The disciples present a tension with regard to awe and calculation on the one hand, and recognizing and failing to recognize the manner of Jesus's authority on the other. Hooker describes the difference between the chief priests and the disciples as rejection from the former versus incomprehension from the latter (Hooker: 21). The disciples acknowledge with awe that “even the wind and the sea obey” Jesus (4:41). Yet, they consistently miss the nature of Jesus's authority. Williamson suggests that a “theme of failure” permeates the role of the disciples in the narrative (Williamson: 14–15). The clearest form is Peter's rebuke of Jesus's interpretation of messianic identity (8:31–32). Peter's calculations cannot fathom a “divine plan that makes no human sense” (France: 25). The disciples do not understand the nature of Jesus's authority and how it is different from those who flaunt it for self-recognition (see 12:38).
Together, these two themes suggest that Jesus's authority defies the calculations that uphold the status quo. This defiance has political overtones (Evans: lxxxii–xciii). When intuitive awe fades in the face of exacting calculation, the miracle worker becomes merely a threat to the system. Ultimately, the author presents a vision of Jesus's messianic kingship as a paradox of authority. His kingship defies the exacting calculations of first century power struggles, both religious and political. This defying continues until Jesus's death. It is, ironically, the death of Jesus that leads the Roman centurion to declare that he is God's son (15:39). The recognition suggests that Jesus's death reveals that true power is kenotic. Jesus was no more a weak pacifist than Gandhi. Jesus reveals that authority is not established through the grasping of fearful people that cannot live in a world that they cannot calculate—that does not fit into a clear system of economic exchange in which everyone and everything has its place and value. True authority operates with the tension of excess. It permits openness and mystery.
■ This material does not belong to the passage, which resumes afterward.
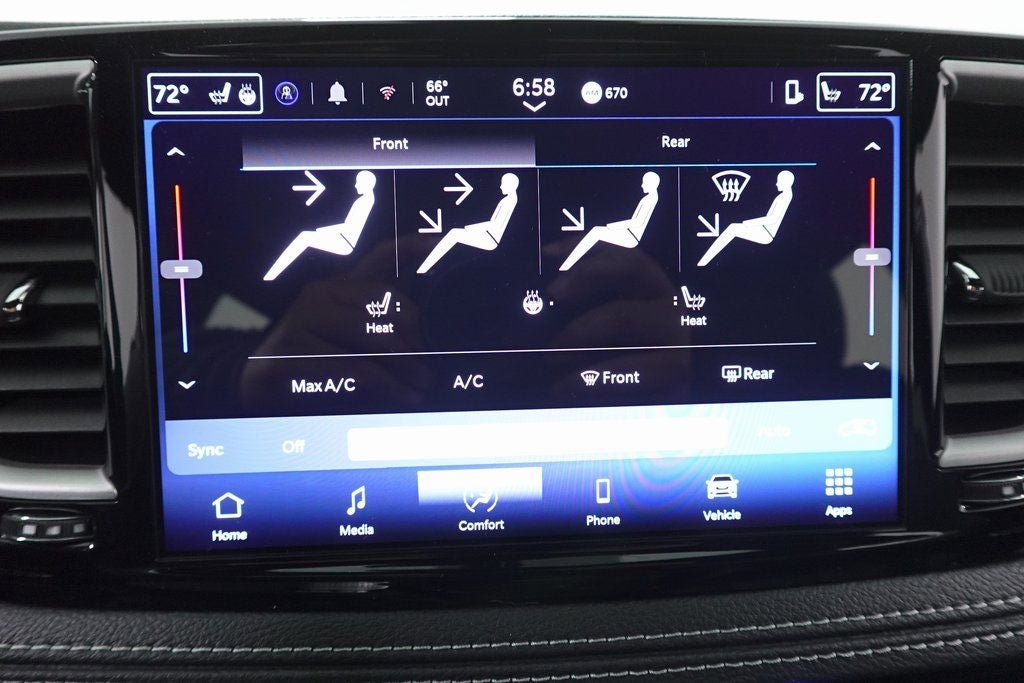 New 2026 Chrysler Pacifica Select w/ S Appearance Package image 20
Women, Awe, and Authority in Mark
It is within the matrix of the aforementioned themes that the narrative of the unnamed woman takes on a fuller meaning. However, before detailing this meaning, it will be valuable to consider briefly the role other women play in Mark. This truncated examination serves only to acknowledge a framework for the pericope at hand.
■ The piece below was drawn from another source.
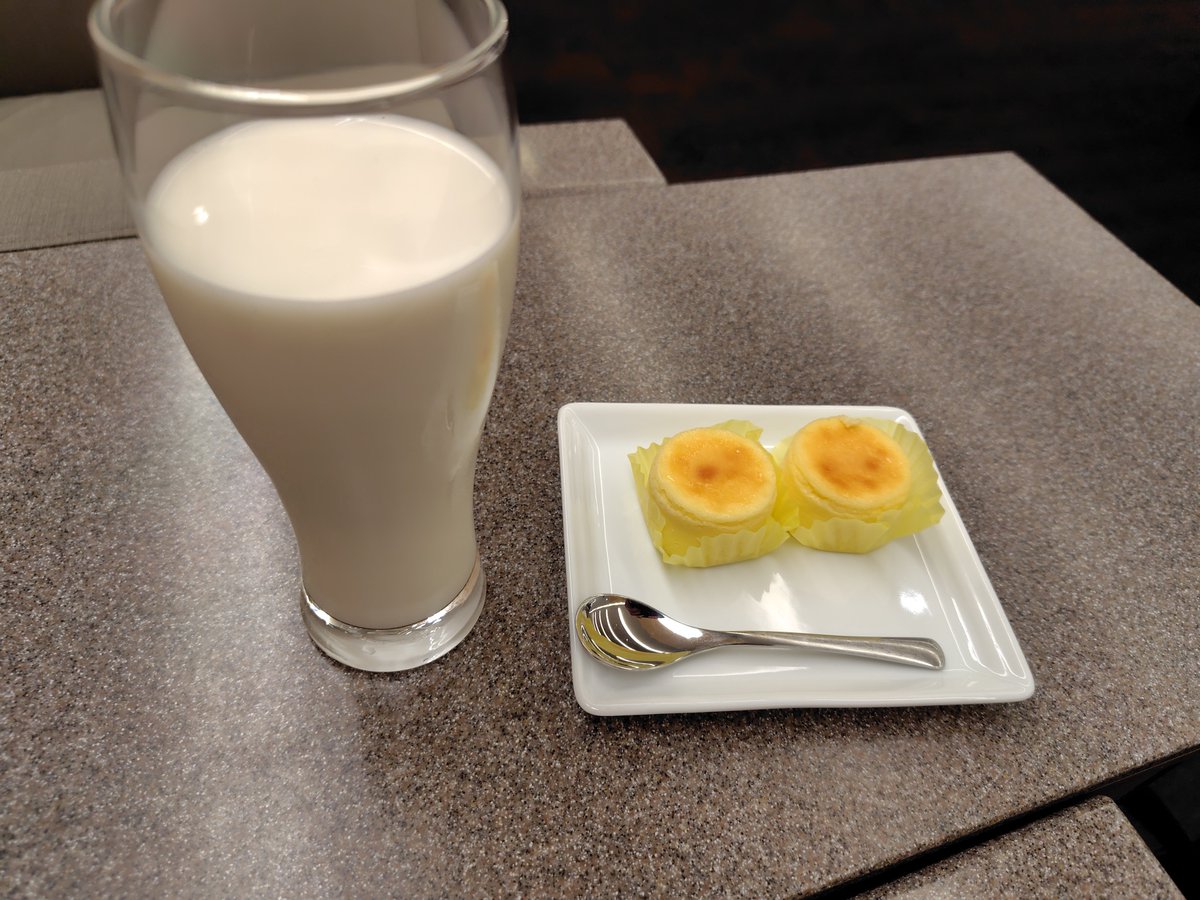 kaito85's tweet photo. 出張飯@北海道（千歳）

チーズスフレ🧀

期待していた札幌案件が来ず、明日は別の現場が決まり帰ることに。札幌で迦楼羅リハに遊びに行けると思ったのに残念🥲

やけ食いして帰りまーす🙄 https://t.co/xTMQU79KsP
Mary Rose D'Angelo notes twelve women present in Mark's narrative (D'Angelo: 137–38). Three she identifies as faithful “disciples” (Mary Magdalene, Mary the mother of James and Joses, and Salome). Six are nameless (Peter's mother-in-law, Jairus's daughter, the woman with the blood issue, the Syrophoenician, the poor widow, and the woman who anoints Jesus). Two are villains (Herodias and her daughter). Finally, one is a “bit player” (she questions Peter during Jesus’ trial). Of these twelve women, I will briefly consider only three here, all of them among the unnamed.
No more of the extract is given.